Ceramic products company Saint-Gobain is developing a ceramic proppant manufacturing plant in Saline County, AR. The company said its proppants division will build a 100,000-square-foot facility on 68 acres at a cost of $100 million.

The facility is expected to employ up to 140 when production begins by the end of next year. The plant will manufacture ceramic proppants, which are spherical beads about the size of a grain of sand that maintain integrity under extreme pressure. Proppants are inserted into underground fractures in oil and gas wells to prop open the fracture and increase productivity of the wells.

A company spokesman said the plant’s future capacity is proprietary but product would be delivered to customers in North America, not exported. He said customer demand for the company’s proppant products was up, but he could not say whether this was related to increasing development in North American oil and gas shale plays.

Saint-Gobain’s proppants division currently operates two manufacturing facilities in Arkansas. One is a proppants manufacturing facility in Fort Smith. This was the world’s first ceramic production plant.
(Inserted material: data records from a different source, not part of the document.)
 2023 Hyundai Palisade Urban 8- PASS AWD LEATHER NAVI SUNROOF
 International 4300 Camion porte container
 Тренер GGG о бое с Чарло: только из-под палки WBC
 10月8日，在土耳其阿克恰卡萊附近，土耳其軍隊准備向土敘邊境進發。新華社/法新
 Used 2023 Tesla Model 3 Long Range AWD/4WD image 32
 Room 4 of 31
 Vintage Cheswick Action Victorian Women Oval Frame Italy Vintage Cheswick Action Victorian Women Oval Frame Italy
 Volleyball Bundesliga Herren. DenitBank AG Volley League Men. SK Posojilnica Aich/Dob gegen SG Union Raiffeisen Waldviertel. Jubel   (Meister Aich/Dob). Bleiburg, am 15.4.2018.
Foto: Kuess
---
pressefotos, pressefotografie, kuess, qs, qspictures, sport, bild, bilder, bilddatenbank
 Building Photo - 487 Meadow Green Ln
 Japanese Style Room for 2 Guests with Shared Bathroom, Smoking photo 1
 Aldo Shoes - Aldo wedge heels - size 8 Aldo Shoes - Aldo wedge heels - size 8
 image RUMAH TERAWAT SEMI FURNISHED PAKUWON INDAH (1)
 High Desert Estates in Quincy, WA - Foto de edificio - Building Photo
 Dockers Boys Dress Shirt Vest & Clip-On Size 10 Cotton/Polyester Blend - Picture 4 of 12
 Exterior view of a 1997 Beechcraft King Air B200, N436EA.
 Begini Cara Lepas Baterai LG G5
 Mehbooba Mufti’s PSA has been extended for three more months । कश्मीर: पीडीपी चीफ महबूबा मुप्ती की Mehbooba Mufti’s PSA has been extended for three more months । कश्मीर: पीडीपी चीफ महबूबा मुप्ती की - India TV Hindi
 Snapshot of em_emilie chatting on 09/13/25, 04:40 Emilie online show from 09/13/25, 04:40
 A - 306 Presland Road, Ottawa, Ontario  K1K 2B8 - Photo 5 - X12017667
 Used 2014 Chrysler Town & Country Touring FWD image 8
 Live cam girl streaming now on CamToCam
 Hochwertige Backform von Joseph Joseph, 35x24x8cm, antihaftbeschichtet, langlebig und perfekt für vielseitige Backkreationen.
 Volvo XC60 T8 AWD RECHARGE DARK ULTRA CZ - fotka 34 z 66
The other facility is in Saline County and supplies materials used in the proppant manufacturing process.

“The increasing global demand for affordable energy is creating greater activity among oil and gas drilling companies, whose need for proppants will exceed our ability to supply them from Fort Smith alone,” said John Crowe, CEO of Saint-Gobain Corp., Saint-Gobain’s North American holding company. “Saline County is the perfect location because of its proximity to many of our major oil and gas customers…”

Saint-Gobain’s North American headquarters are in Valley Forge, PA; the company has more than 265 locations in North America.